On Thursday morning, Gina and I ran some errands – I had to send a FedEx package, she needed to pick up some rocks for her new landscaping, and we picked up eight of her dress jackets, which she had altered at the tailor’s shop. I bought some presents and a clock for our Palm Springs house at a great gardening store called Birdsall’s, where Gina once tested her patience for retail work.

We ate Mexican food at a restaurant along South Broadway. I ordered in Spanish, always looking for a chance to practice. However, the waitress was apparently embarrassed that she didn’t speak Spanish, so she didn’t bother to tell me. Therefore, although I ordered chile verde with flour tortillas, I received chile rellenos with corn tortillas. It wasn’t until we were eating that I overheard her talking with her daughter on the phone and to the cook in the kitchen – all in English.

Midway through the afternoon, I headed south to Colorado Springs to visit with my niece and her 10-month-old baby, Marshall, whom I had yet to see. I loaded up on meatloaf and five sides (including everyone’s favorite – creamed spinach) at Boston Market and drove more than a dozen miles east and north of the city to the suburban development where she is renting a home. It was dark by the time I got through the nasty, slow snarl of construction-menaced traffic to her neighborhood, and therefore, spent about a half hour lost and unable to read the street signs in the dark. Finally, after a frantic phone call – interrupted by signal interruptions – I reached the house to find Jenny and Marshall waiting at the door for me.

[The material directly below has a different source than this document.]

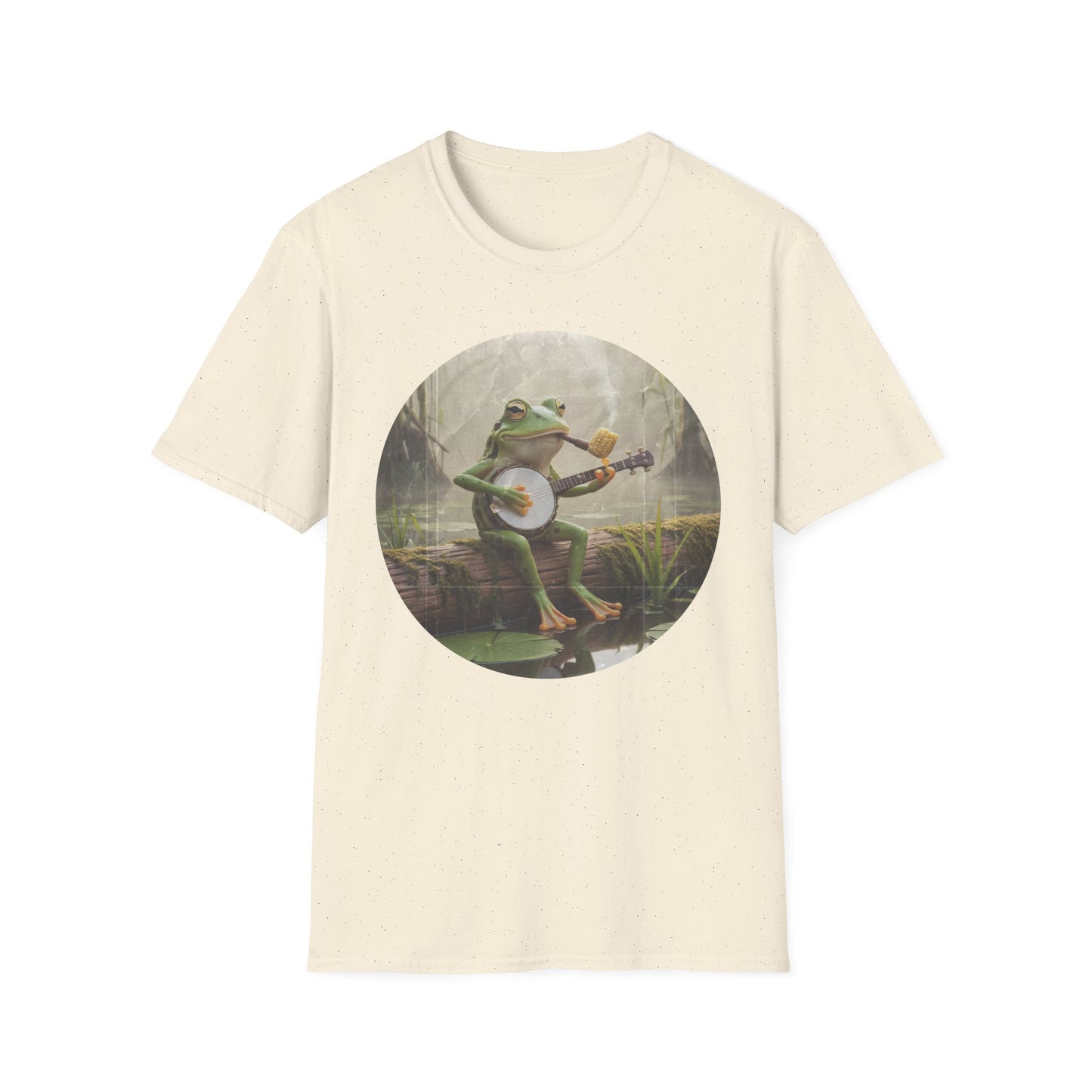 Banjo Frog T-Shirt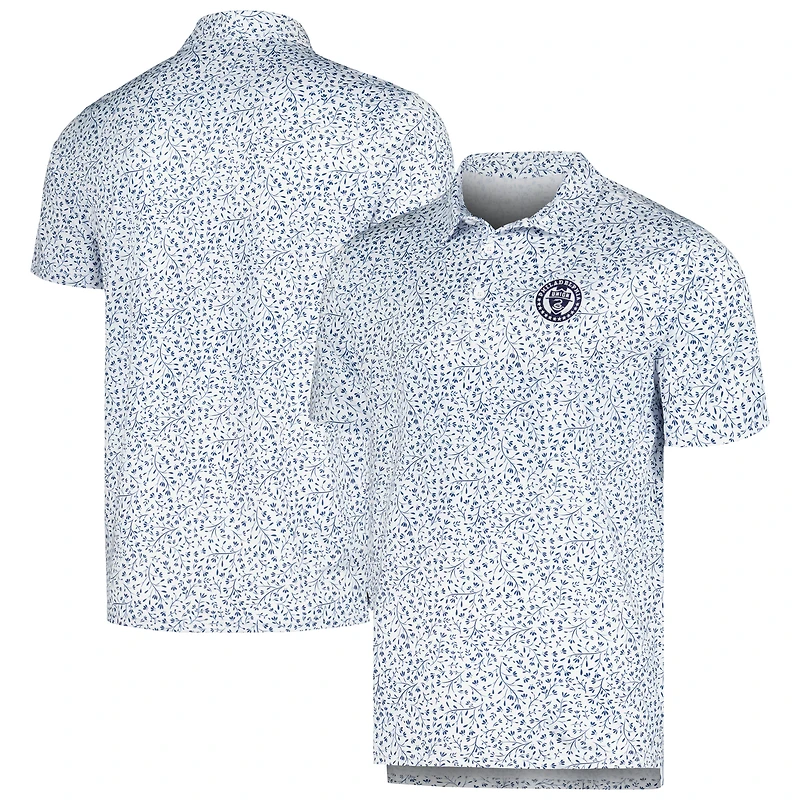 Polo de mouvement Antigua blanc Philadelphia Union pour homme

Jenny is my oldest brother’s daughter, and she recently took a job as a public defender. We look a slight bit alike. Marshall is quite possibly the best and most beautiful baby in the world, as her father will tell you. With a shock of curly brown hair and a perpetual smile, she sat on the floor happily trading toys and saliva with Jenny’s two dogs, Zoey and Swindle. The dogs play gently with Marshall, and he is not afraid of their big tongues or Swindle’s wagging tail.

Once Marland got home from work bearing a gift of zinfandel for dinner, he and I sat down and ate. Then while Marland watched Marshall, it was Jenny’s turn. I managed to make dinner last through both of these sittings.

The night passed quickly, and I found myself back on the road by 7 a.m. It took no time to find a Starbucks in the neighborhood Safeway, but thanks to some 13-year-olds’ need for blended foo-foo drinks at 7 in the morning, it took nearly 20 minutes to get my latte. Once on the road, I took I-25 to US 85 north to C-470. From there I zipped around the south and west sides of Denver, caught I-70 west without running into a bit of rush-hour traffic. This trip is much easier than I expected it to be at that time of day.

I reached my friend Janet’s condo outside of Winter Park long before noon. A snow storm was approaching, it’s heavy grey clouds just starting to spill over the mountain peaks, but I got there first.